En la antesala del desfile del Primero de Mayo, el régimen desplegó vigilancia y represión preventiva contra activistas y opositores.
La Habana (Sindical Press) – A medianoche, frente a la farmacia de Jaimanitas —el punto de recogida para el desfile del Primero de Mayo en esa zona de La Habana— ya había personas esperando el ómnibus.
Varias mujeres comentaban la programación publicada por la Unión Eléctrica de Cuba en su canal de Telegram y celebraban que, en conmemoración a la fecha, no cortarían la electricidad.
Luego llegó Elio, un viejo sindicalista retirado, antiguo secretario general del Sindicato de la Industria Ligera, perteneciente a la Central de Trabajadores de Cuba, única permitida por el régimen, y responsable del bloque de Jaimanitas en el desfile. Saludó a todos y lanzó una arenga política.
A las dos llegó la guagua, que se llenó por completo. Bajo la tenue luz interior, se veían rostros angustiados; aunque nadie lo decía, muchos renegaban de haberse levantado tan temprano para repetir lo de todos los años: gritar consignas vacías. Otros, en cambio, mostraban entusiasmo, se contaban chistes y hacían planes.
Para garantizar el “éxito” del desfile, todos los desafectos al régimen —quienes pudieran empañar con algún gesto el buen desempeño de la actividad organizada por el gobierno— fueron advertidos, visitados en sus viviendas, amenazados, vigilados, sitiados e incluso, en algunos casos, detenidos.
Desde el lunes, el gobierno paralizó el transporte público. Ahora, todo el parque automotor estaba dedicado a garantizar la asistencia. Ir en una ventanilla del ómnibus chino a velocidad de crucero por Quinta Avenida era un lujo. La brisa y el panorama dormido de Miramar —con sus mansiones, embajadas, jardines cuidados y farolas relucientes— daban la sensación de un país encantado, donde todo estaba listo: las banderitas, las pancartas, el sitio de concentración de los bloques, listos para fundirse en el “calor del Pueblo” y dar la muestra ritual de apoyo a la revolución y al socialismo.
Ya en el sitio, al dar la orden de marcha, una ola de alegoría recorrió los bloques y, de pronto, todos parecieron sentirse uno.

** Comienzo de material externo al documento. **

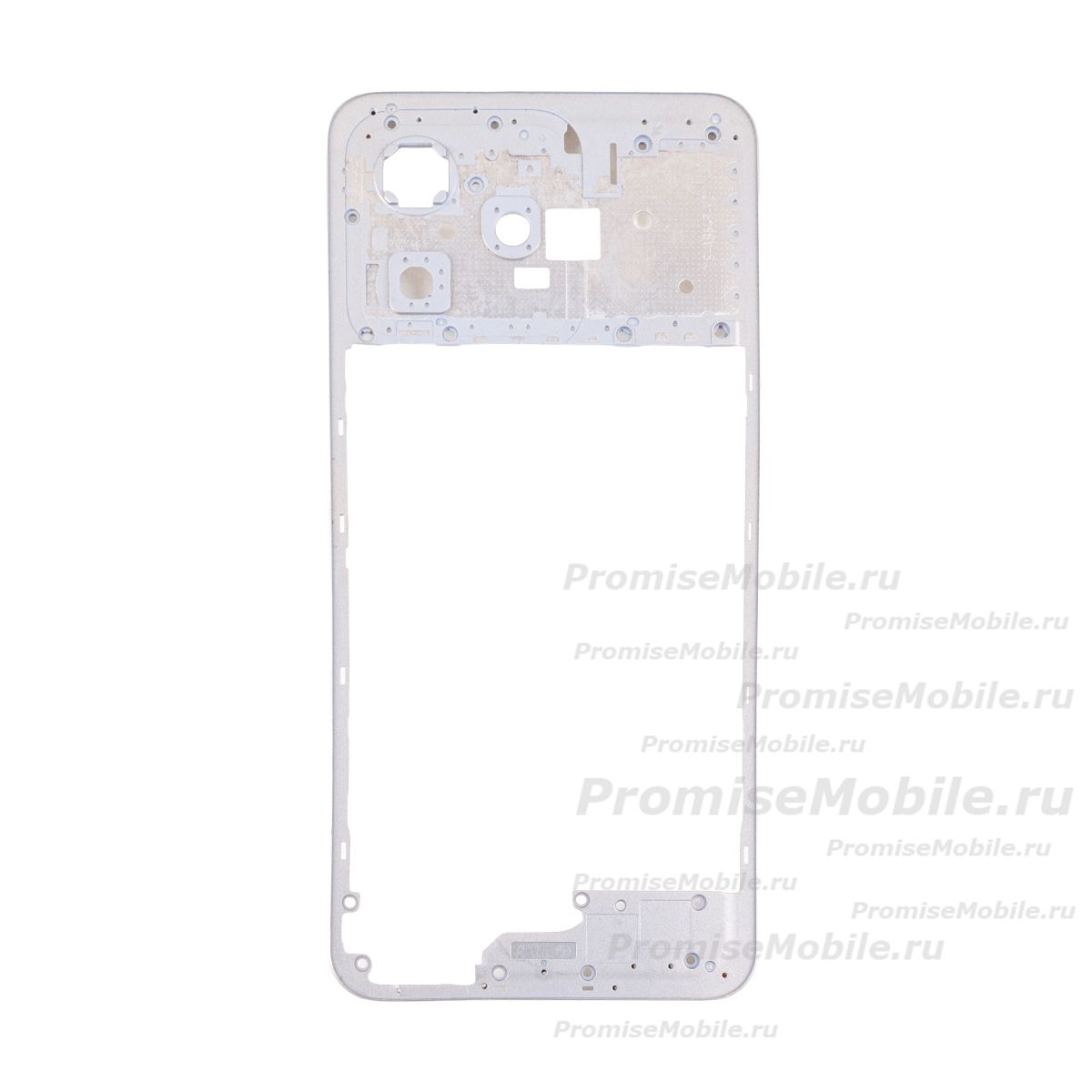 Средняя часть корпуса для Realme C53 <золото> ―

Y entonces sucedió lo extraño: al pasar frente a Raúl y a Díaz-Canel, una fuerza de choque de consignas —algunas de insólita impudicia— salió a coro de las gargantas de quienes desfilaban. Algunos iban cogidos de las manos, otros abrazados, agitando banderitas. Ni una sola protesta. Ninguna mención a injusticias. Ninguna exigencia de derechos para los trabajadores. Solo un coro: ¡Viva! ¡Viva! ¡Viva!
Pasada la escena, se impusieron el desorden y el desconcierto del regreso. Había que encontrar la guagua. Regresar al infierno. Quinta Avenida ya no parecía tan bonita. Las preguntas con respuestas sombrías afeaban el paisaje: ¿Qué haré de comida? ¿Pondrán el agua? ¿Me alcanzará el carbón? ¿Será verdad que no se irá la luz?
Elio viaja en el asiento contiguo. Le pregunto por el misterio de tanta gente en contra de todo esto que, sin embargo, apoya al gobierno y va al desfile. El viejo sindicalista me mira y sonríe. Su respuesta encierra una lógica devastadora, unida a un profundo vacío:
“Inteligencia artificial socialista. La venimos aplicando desde el principio. Mucho antes de que la inventara Elon Musk.”